Baca: Kisah Para Rasul 5:26-42

"Dan kami (rasul-rasul) adalah saksi dari segala sesuatu itu, kami dan Roh Kudus, yang dikaruniakan Allah kepada semua orang yang mentaati Dia." Kisah 5:32

Kehidupan rohani orang Kristen yang benar pasti mengalami pertumbuhan (tidak stagnan), makin hari makin bertumbuh dewasa. Itulah yang dikehendaki Tuhan. Untuk mencapai kedewasaan rohani tidak dapat kita upayakan dengan kekuatan sendiri, mau tidak mau kita harus melibatkan Roh Kudus dalam seluruh aspek kehidupan kita.

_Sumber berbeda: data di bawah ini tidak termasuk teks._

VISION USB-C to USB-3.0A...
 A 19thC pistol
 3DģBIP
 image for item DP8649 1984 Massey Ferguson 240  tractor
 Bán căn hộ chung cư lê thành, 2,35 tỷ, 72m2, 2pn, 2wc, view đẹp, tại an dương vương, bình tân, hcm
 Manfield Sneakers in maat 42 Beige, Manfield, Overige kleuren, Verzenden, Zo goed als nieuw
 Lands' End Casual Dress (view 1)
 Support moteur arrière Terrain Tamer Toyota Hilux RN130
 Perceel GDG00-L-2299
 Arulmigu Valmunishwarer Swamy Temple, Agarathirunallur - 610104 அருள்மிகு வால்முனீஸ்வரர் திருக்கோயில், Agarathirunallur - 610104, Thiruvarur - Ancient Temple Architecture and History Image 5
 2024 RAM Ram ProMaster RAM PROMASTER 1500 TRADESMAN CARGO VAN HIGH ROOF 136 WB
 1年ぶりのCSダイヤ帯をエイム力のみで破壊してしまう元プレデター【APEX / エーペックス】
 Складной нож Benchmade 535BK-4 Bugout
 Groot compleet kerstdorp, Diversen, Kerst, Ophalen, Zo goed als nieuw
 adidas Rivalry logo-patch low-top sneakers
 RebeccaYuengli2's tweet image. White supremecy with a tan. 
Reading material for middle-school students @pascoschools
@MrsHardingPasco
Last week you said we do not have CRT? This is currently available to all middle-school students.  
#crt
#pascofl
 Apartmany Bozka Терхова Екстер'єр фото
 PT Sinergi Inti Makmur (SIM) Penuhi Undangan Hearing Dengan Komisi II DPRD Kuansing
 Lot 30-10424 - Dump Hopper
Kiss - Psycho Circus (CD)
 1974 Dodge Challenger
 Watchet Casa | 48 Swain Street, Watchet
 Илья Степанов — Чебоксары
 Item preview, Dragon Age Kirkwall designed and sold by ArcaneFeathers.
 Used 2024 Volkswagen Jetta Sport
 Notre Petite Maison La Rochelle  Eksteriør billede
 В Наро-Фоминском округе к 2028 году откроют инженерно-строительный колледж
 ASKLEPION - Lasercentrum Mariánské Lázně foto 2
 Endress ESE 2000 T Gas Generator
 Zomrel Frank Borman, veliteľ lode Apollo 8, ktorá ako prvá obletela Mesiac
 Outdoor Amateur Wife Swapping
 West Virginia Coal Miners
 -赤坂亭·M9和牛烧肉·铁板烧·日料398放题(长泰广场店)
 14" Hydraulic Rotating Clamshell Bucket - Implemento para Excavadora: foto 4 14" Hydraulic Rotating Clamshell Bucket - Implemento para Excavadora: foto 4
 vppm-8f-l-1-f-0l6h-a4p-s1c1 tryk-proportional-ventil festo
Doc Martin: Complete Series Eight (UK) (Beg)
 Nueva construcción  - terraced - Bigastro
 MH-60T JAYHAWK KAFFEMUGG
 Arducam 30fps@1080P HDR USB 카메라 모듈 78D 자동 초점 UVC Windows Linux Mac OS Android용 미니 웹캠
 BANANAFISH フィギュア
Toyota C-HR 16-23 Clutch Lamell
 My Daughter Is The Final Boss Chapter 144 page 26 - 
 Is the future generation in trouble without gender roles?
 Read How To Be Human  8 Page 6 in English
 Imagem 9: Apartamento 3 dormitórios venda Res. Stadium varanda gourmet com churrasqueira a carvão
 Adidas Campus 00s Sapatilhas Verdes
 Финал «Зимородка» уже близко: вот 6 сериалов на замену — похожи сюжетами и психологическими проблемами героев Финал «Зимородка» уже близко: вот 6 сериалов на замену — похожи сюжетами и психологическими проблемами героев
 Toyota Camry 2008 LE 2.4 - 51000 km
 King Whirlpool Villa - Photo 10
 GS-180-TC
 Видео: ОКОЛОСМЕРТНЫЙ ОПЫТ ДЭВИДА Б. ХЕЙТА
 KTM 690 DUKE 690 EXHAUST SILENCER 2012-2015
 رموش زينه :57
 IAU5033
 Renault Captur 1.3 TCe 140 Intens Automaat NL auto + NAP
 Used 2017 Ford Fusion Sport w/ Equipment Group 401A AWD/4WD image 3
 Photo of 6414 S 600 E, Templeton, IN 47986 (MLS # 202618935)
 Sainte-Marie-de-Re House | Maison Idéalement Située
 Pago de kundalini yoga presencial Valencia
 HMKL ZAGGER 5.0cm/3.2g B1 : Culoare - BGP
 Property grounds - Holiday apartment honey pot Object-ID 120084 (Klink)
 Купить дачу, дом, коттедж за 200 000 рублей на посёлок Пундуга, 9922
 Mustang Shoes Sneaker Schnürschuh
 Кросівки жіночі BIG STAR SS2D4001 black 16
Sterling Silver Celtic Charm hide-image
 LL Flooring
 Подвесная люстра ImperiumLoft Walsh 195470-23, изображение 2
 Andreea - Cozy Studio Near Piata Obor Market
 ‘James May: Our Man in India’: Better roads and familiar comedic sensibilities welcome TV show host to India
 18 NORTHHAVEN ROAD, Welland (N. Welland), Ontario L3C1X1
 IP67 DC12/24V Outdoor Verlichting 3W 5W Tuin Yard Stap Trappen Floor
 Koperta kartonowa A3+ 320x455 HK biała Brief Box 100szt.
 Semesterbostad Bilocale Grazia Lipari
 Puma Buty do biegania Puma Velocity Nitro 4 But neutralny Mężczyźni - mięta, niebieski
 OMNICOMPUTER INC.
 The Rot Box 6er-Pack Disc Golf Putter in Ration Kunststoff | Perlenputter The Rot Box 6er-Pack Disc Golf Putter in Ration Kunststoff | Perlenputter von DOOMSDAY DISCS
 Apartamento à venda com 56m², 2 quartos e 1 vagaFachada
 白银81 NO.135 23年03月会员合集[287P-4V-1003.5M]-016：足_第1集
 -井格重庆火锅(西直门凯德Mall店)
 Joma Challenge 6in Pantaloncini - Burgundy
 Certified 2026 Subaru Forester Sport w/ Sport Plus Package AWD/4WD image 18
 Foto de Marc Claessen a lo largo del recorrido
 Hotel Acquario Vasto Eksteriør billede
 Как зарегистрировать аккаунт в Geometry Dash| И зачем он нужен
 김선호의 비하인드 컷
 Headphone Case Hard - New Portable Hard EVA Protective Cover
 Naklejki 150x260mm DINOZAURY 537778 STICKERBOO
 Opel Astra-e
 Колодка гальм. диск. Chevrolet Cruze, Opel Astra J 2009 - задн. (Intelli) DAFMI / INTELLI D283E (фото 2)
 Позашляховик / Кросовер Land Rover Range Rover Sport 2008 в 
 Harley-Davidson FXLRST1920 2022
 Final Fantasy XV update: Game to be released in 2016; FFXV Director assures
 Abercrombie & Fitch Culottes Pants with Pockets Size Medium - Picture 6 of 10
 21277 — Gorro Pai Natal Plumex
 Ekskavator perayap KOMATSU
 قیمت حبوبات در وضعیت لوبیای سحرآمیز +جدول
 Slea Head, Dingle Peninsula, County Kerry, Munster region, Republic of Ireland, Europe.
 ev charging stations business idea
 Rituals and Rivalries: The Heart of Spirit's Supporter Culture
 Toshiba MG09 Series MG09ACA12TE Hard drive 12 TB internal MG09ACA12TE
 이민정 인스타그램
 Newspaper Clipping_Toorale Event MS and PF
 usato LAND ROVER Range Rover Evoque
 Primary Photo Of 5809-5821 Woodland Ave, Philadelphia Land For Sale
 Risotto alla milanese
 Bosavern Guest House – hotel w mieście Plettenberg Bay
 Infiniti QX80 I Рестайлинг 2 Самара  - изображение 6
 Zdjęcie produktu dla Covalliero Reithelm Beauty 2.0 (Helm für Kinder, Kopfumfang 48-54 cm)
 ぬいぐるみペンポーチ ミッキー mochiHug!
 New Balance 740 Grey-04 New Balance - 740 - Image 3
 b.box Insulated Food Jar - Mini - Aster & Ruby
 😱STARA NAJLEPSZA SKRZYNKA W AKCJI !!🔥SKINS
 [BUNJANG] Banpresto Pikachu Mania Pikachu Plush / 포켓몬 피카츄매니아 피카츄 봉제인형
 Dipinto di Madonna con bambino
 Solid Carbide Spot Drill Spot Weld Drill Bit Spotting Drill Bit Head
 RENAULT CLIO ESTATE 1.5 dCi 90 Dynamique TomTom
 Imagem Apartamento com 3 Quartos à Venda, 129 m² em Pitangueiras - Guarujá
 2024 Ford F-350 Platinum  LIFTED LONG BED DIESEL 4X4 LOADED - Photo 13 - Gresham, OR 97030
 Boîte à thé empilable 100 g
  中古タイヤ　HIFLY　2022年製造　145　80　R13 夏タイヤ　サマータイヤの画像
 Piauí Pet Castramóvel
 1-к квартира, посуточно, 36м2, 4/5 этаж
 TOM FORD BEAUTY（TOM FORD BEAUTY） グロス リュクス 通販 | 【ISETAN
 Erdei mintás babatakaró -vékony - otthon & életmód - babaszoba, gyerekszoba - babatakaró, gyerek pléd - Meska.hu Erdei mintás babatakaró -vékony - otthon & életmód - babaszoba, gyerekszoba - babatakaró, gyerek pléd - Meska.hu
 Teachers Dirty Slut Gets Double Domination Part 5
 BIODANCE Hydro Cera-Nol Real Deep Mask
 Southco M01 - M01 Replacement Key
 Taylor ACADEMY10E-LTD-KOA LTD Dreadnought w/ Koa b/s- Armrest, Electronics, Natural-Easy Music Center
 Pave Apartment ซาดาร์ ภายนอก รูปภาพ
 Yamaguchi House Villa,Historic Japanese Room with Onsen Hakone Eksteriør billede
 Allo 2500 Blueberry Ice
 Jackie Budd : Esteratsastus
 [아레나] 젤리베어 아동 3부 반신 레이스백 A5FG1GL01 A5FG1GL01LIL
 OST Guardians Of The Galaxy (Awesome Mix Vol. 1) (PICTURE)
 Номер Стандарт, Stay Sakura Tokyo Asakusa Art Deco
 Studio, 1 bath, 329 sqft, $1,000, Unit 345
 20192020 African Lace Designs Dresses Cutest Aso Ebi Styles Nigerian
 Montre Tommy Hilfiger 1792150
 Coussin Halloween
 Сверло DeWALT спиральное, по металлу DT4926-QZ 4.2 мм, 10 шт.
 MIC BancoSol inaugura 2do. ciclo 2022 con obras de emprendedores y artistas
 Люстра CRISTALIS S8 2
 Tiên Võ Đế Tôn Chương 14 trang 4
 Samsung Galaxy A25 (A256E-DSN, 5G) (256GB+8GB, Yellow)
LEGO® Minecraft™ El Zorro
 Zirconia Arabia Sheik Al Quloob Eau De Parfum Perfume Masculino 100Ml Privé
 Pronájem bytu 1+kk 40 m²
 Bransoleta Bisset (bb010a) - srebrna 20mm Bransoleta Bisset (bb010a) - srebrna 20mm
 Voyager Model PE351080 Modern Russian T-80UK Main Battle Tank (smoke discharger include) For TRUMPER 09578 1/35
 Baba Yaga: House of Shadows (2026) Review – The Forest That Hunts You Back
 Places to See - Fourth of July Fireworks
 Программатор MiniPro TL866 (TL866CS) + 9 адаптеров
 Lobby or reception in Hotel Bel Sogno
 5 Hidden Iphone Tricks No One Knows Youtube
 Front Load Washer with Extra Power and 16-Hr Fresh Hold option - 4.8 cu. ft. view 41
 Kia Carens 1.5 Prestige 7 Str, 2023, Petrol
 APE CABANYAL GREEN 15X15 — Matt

Alkitab banyak sekali menceritakan tokoh-tokoh yang mengalami dan melakukan perkara-perkara yang luar biasa oleh karena penyertaan Roh Kudus. Saat ini Allah memberikan Roh Kudus kepada kita sebagai Pribadi yang senantiasa menyertai dan menolong kehidupan orang percaya. Tuhan juga hendak memakai setiap kita dengan luar biasa sesuai dengan rencanaNya, asalkan kita mau membuka hati dan bersekutu dengan Roh Kudus. Namun masih banyak anak Tuhan yang tidak menyadari kehadiran Roh Kudus, bahkan tidak mengijinkan Roh Kudus masuk dalam kehidupannya. Jangankan bersekutu dengan Roh Kudus, kesadaran untuk bersekutu dengan Tuhan pun sudah tidak ada lagi. Maka tidaklah mengherankan bila mereka tidak pernah mengalami terobosan baru, hidupnya biasa-biasa saja, monoton, jatuh bangun dalam dosa dan tidak punya 'nilai lebih'. Apabila kita ingin mendapatkan kasih karunia Allah dan berkemangan dalam hidup, firman Tuhan mengajarkan agar kita membangun persekutuan dengan Roh Kudus. Tuhan ingin agar kita bersahabat dengan Roh Kudus. Menjadi sahabat berarti selalu berjalan bersama-sama dalam segala hal di setiap waktu, bukan hanya dalam hal-hal tertentu atau saat-saat tertentu saja.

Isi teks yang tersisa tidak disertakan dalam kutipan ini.